The task calls for the line containing "амфетамин Бузулук" and all later lines, through the end of the entries below, to be set down exactly and without pictures.

(Image-text web data)
● ● ● ● ●

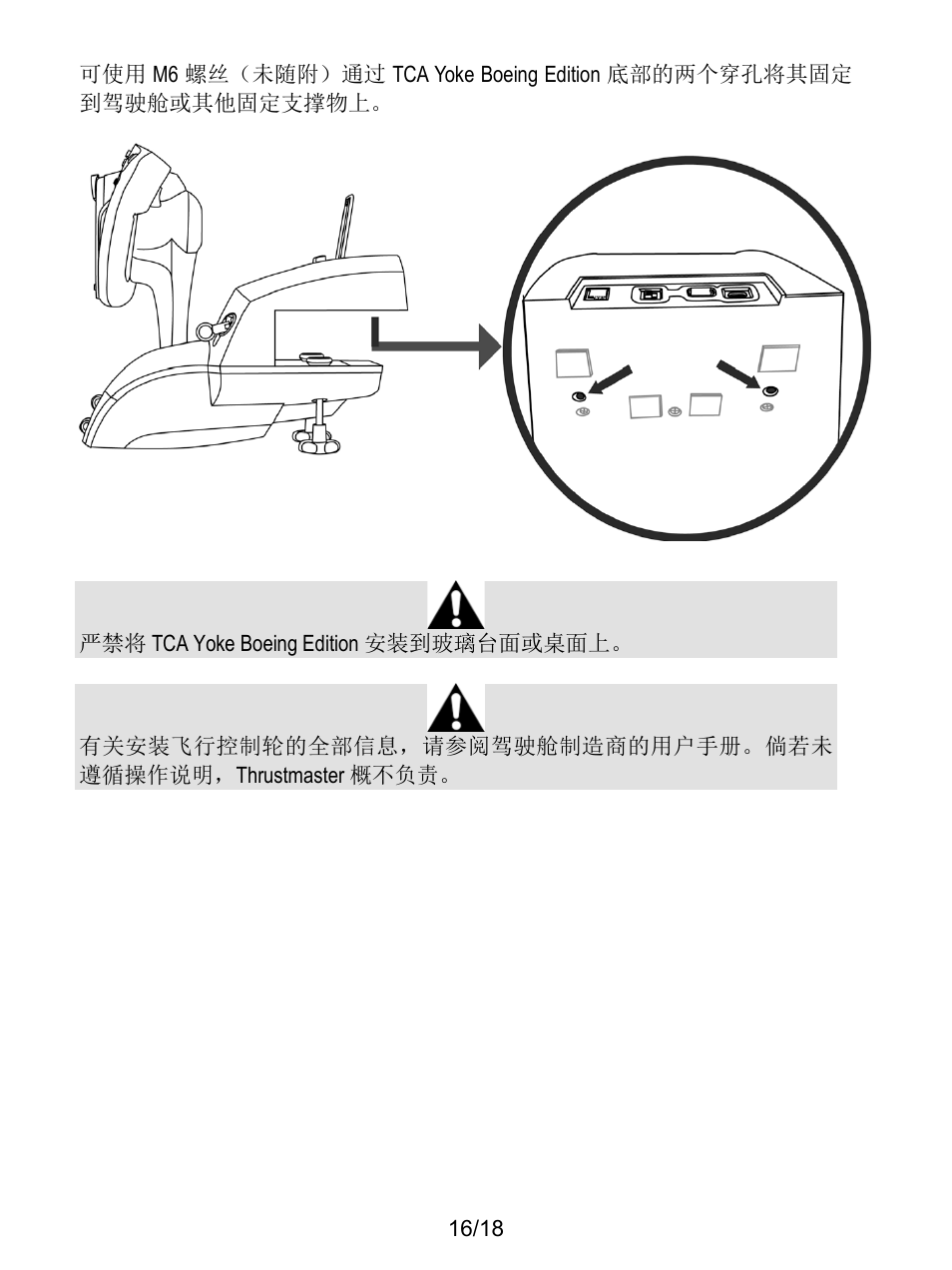 Thrustmaster TCA Yoke Boeing Edition Flight Stick User Manual | Page 413 / 415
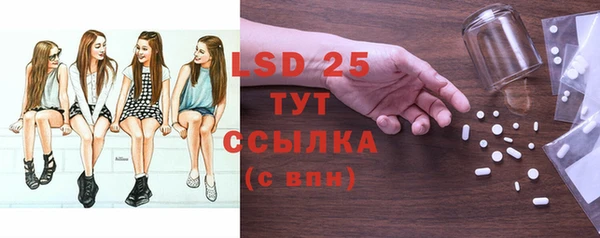 каннабис Гусь-Хрустальный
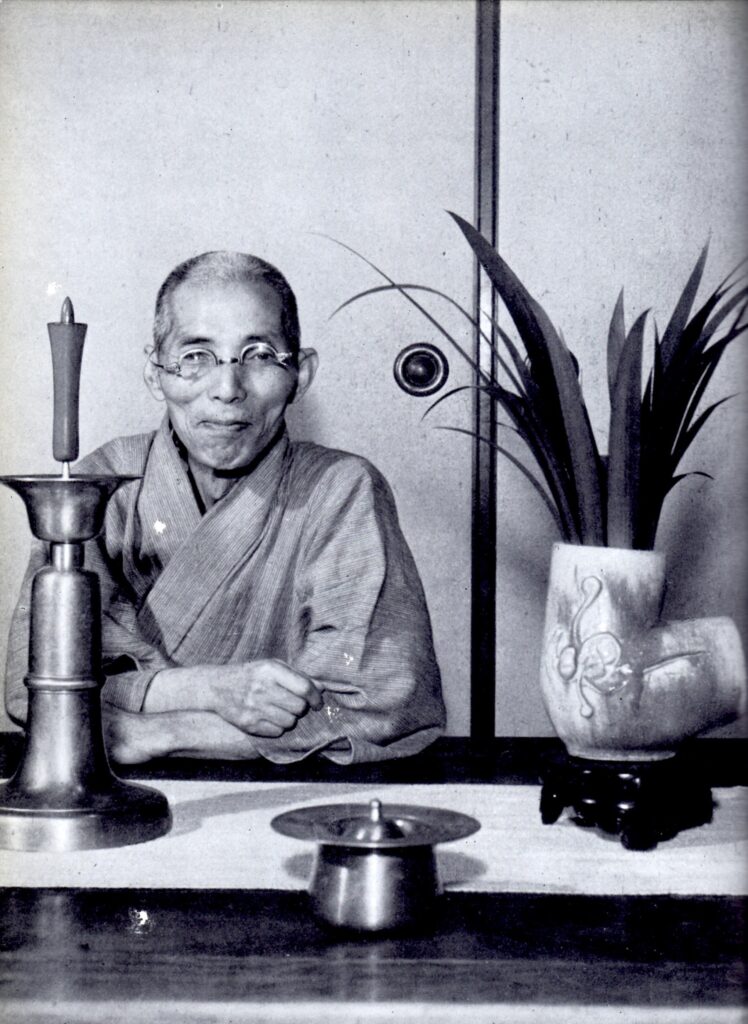 Featured image for Shōji Hamada: Un Viaje a las Raíces de la Cerámica Japonesa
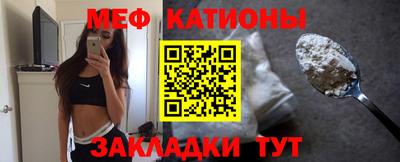 амфетамин Бузулук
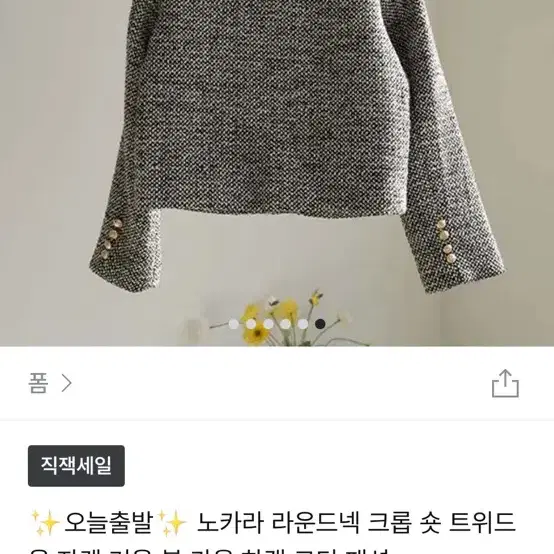 새상품) 노카라 라운드넥 크롭 숏 트위드 울 자켓 겨울 봄 가을 하객 코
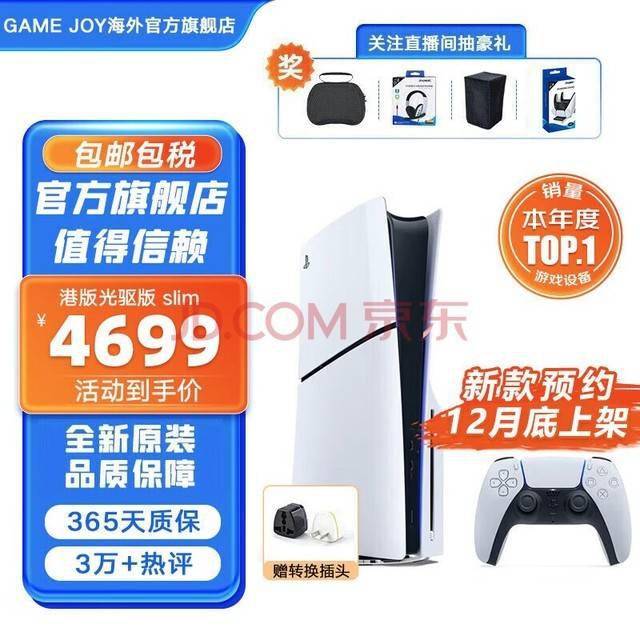 首款狼人杀VR游戏登陆PSVR2！立即体验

● ● ● ● ●

§ Answer space
 амфетамин Бузулук
 새상품) 노카라 라운드넥 크롭 숏 트위드 울 자켓 겨울 봄 가을 하객 코
 首款狼人杀VR游戏登陆PSVR2！立即体验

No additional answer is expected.